Pour assurer la poursuite des progrès au plan de l’égalité des genres, la communauté internationale doit compléter les efforts nationaux dans chacun de ces quatre domaines d’action prioritaires. Elle peut aussi soutenir la poursuite d’interventions publiques basées sur des éléments concrets en appuyant les efforts visant à améliorer les données, évaluer les impacts et encourager l’apprentissage. Le rapport recommande aux responsables de l’action publique de s’attaquer aux disparités entre les genres les plus tenaces qui ne peuvent être éliminés uniquement par une hausse des revenus. C’est en remédiant à ces problèmes que les avancées au plan du développement seront probablement les plus importantes et que la réorientation de l’action publique sera la plus productive.

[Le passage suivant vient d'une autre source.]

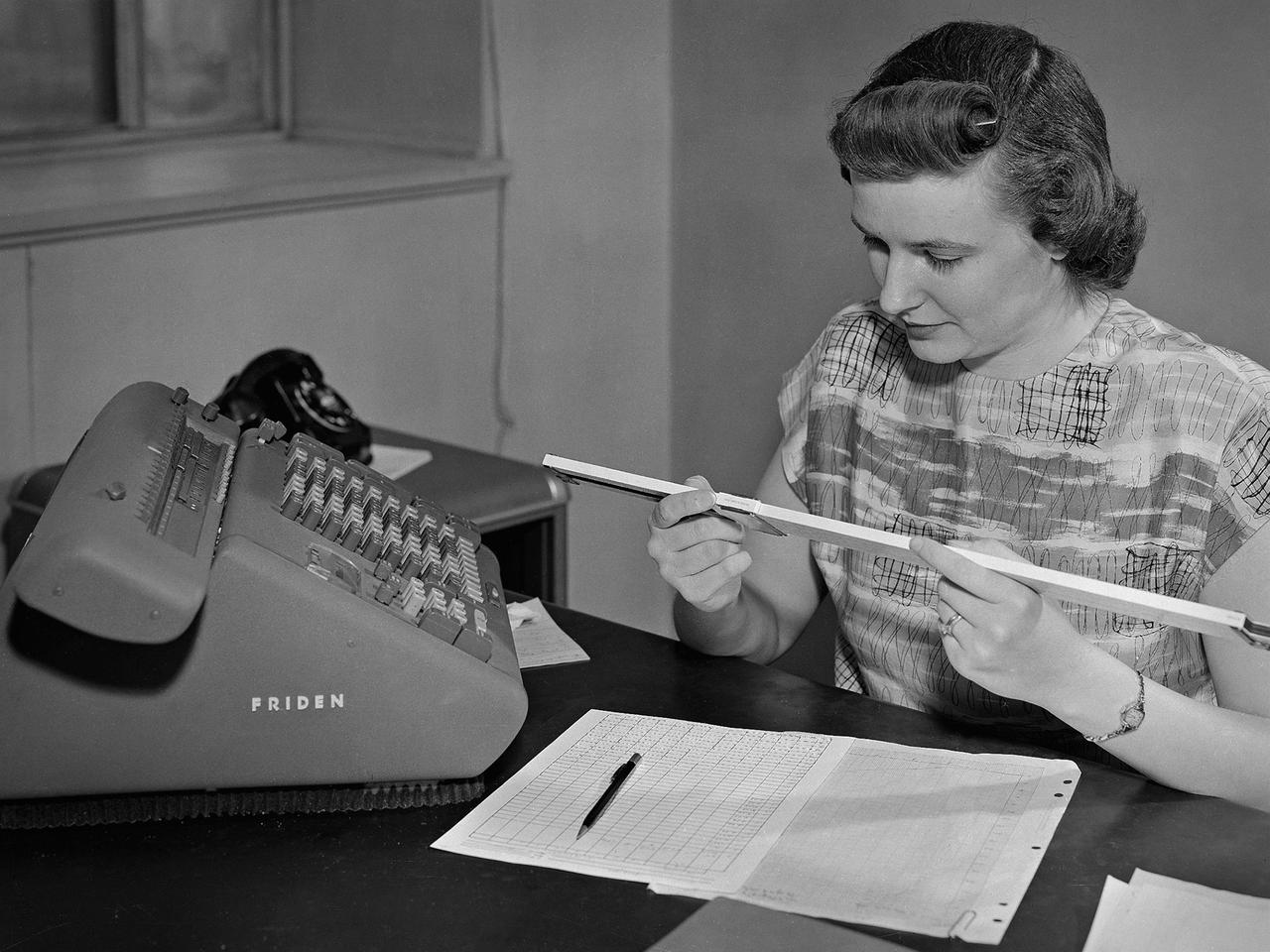 A female computer at the National Advisory Committee for Aeronautics Lewis Flight Propulsion Laboratory with a slide rule and Friden adding machine to make computations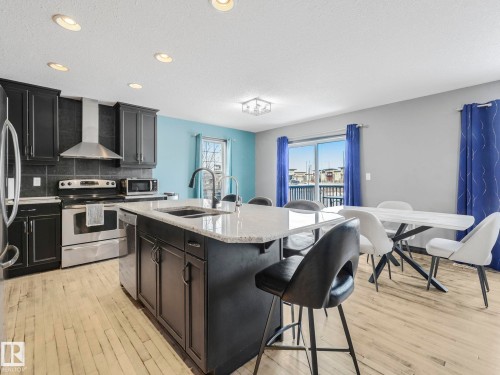 60 Becker Crescent, Fort Saskatchewan, AB - Indoor Photo Showing Kitchen With Stainless Steel Kitchen With Double Sink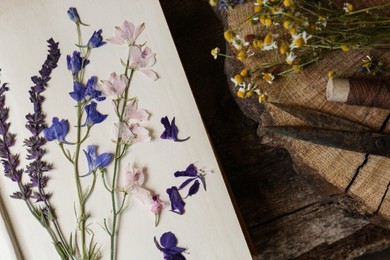 Composition with beautiful dried flowers and book on wooden table, top view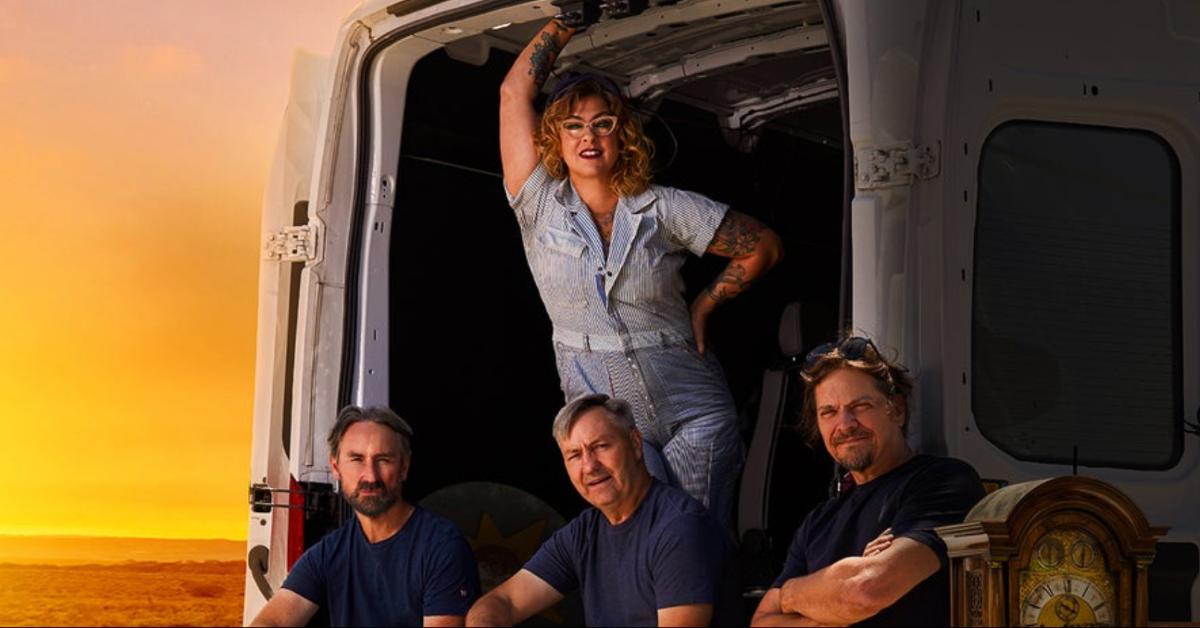 The cast of 'American Pickers' in the back of an open van.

«Les partenaires de développement peuvent appuyer les politiques nationales de diverses manières – en accroissant leur appui financier, en encourageant l’innovation et en renforçant leurs partenariats», note Sudhir Shetty, Codirecteur du Rapport sur le développement dans le monde. «L’offre de financements supplémentaires à l’appui de la fourniture d’eau potable, de l’assainissement et de services de santé maternelle, par exemple, aidera les pays les plus pauvres. La poursuite de nouvelles expériences, l’évaluation systématique des interventions et l’amélioration des données sexospécifiques pourront fournir des indications sur la manière d’améliorer l’accès des femmes aux marchés. Enfin, il serait profitable d’élargir les partenariats pour inclure le secteur privé, des groupes de la société civile et les centres universitaires».